Pertarungan politik memperebutkan kursi Gubernur dan Wakil Gubernur DKI Jakarta bisa dikatakan sangat brutal.
Pandangan itu disampaikan pakar komunikasi politik, Effendi Gazali, saat menjadi pembicara dalam diskusi publik dalam rangka Dies Natalis ke-56 Universitas Prof DR Moestopo (Beragama) dengan tema "Demokrasi Kebangsaan di Republik Sosial Media", di Cikini, Jakarta Pusat, Kamis (23/3).
"Pilgub DKI itu 'luber', tapi menurut saya bukan langsung umum bebas dan rahasia melainkan langsung umum dan brutal," kata Effendi, dikutip RMOL Jakarta.
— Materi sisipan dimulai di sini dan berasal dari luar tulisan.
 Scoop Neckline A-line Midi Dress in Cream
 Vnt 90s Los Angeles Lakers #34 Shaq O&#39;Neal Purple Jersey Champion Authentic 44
Menurut dia, dua kubu yang bertarung memanfaatkan media sosial untuk melakukan serangan kepada pihak lawan masing-masing secara membabibuta.
Masing-masing pihak memiliki tim media sosial yang berperan menjelaskan program yang diusung. Namun, sekaligus melakukan kampanye hitam dengan berbagai cara lewat teknologi informasi. Bahkan, sebagian dari intrik tersebut berujung laporan polisi.
"Tidak berlebihan kalau saya katakan sebagai brutalisme," kata Effendi.
Bisa jadi, lanjutnya, jumlah warga yang mencoblos di putaran dua 19 April mendatang akan lebih besar dibanding putaran pertama.
"Peranan medsos juga dimanfaatkan untuk merebut suara dari mantan pendukung Agus-Sylvi sekitar 17 persen, serta 22 persen kelompok masyarakat yang golput dan belum punya sikap," katanya.